Column types in Cryptographic Computing for Clean Rooms - AWS Clean Rooms

Column types in Cryptographic Computing for Clean Rooms

This topic provides information about column types in Cryptographic Computing for Clean Rooms.

Fingerprint columns

Fingerprint columns are columns that are protected cryptographically for use in JOIN statements.

Data from fingerprint columns can't be decrypted. Only data from sealed columns can be decrypted.

Fingerprint columns must only be used in the following SQL clauses and functions:

  • JOIN (INNER, OUTER, LEFT, RIGHT, or FULL) against other fingerprint columns:

    • If the value of the allowJoinsOnColumnsWithDifferentNames parameter is set to false, both fingerprint columns of the JOIN must also have the same name.

  • SELECT COUNT()

  • SELECT COUNT(DISTINCT )

  • GROUP BY (Only use if the collaboration has set the value of the preserveNulls parameter to true.)

Queries that violate these constraints might yield incorrect results.

Sealed columns

Sealed columns are columns that are protected cryptographically for use in SELECT statements.

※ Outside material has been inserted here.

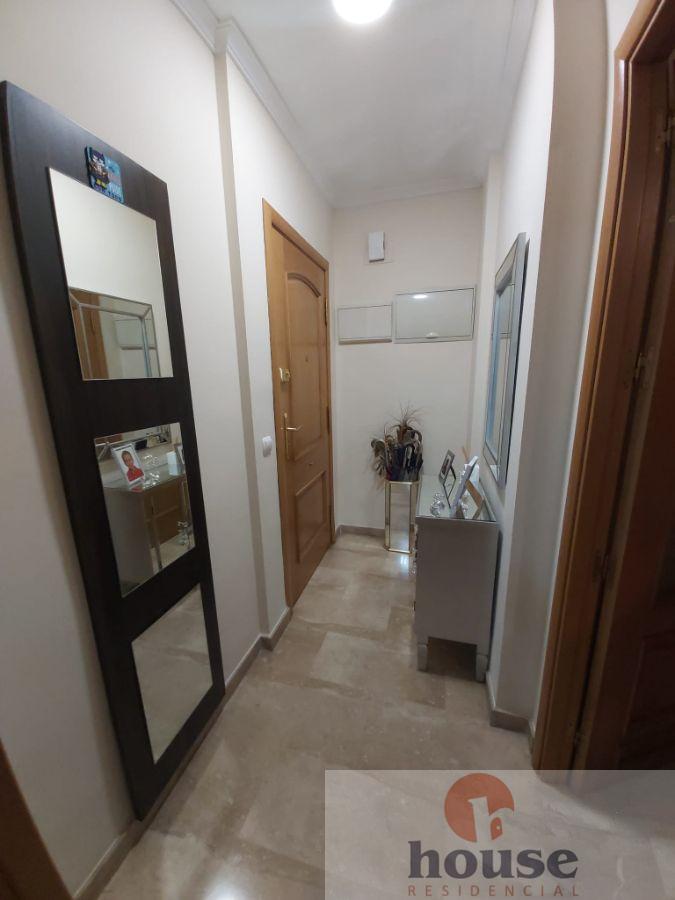 For sale of flat in Córdoba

Sealed columns must only be used in the following SQL clauses and functions:

  • SELECT

  • SELECT ... AS

  • SELECT COUNT()

    Note

    SELECT COUNT(DISTINCT ) is not supported.

Queries that violate these constraints might yield incorrect results.

Padding data for a sealed column before encryption

When you specify that a column should be a sealed column, C3R asks you what kind of padding to choose. Padding data before encryption is optional. Without padding (a pad type of none), the encrypted data’s length indicates the size of the cleartext. In some circumstances, the size of the cleartext could expose the plaintext. With padding (a pad type of fixed or max), all values are first padded to a common size and then encrypted. With padding, the length of the encrypted data provides no information about the original cleartext length, other than giving an upper bound on its size.

If you want padding for a column and the maximal byte length of data in that column is known, use fixed padding. Use a length value that is at least as large as the byte-length of the longest value in that column.

Note

An error occurs and encryption fails if a value is longer than the provided length.

If you want padding for a column and the maximal byte length of data in that column isn't known, use max padding. This padding mode pads all data to the length of the longest value plus additional length bytes.

Note

You might want to encrypt data in batches, or update your tables with new data periodically. Be aware that max padding will pad entries to the length (plus length byte) of the longest plaintext entry in a given batch. This means that the ciphertext length may vary from batch to batch. Therefore, if you know the maximum byte-length for a column, then you should use fixed instead of max.

Cleartext columns

Cleartext columns are columns that aren't protected cryptographically for use in JOIN or SELECT statements.

Cleartext columns can be used in any part of the SQL query.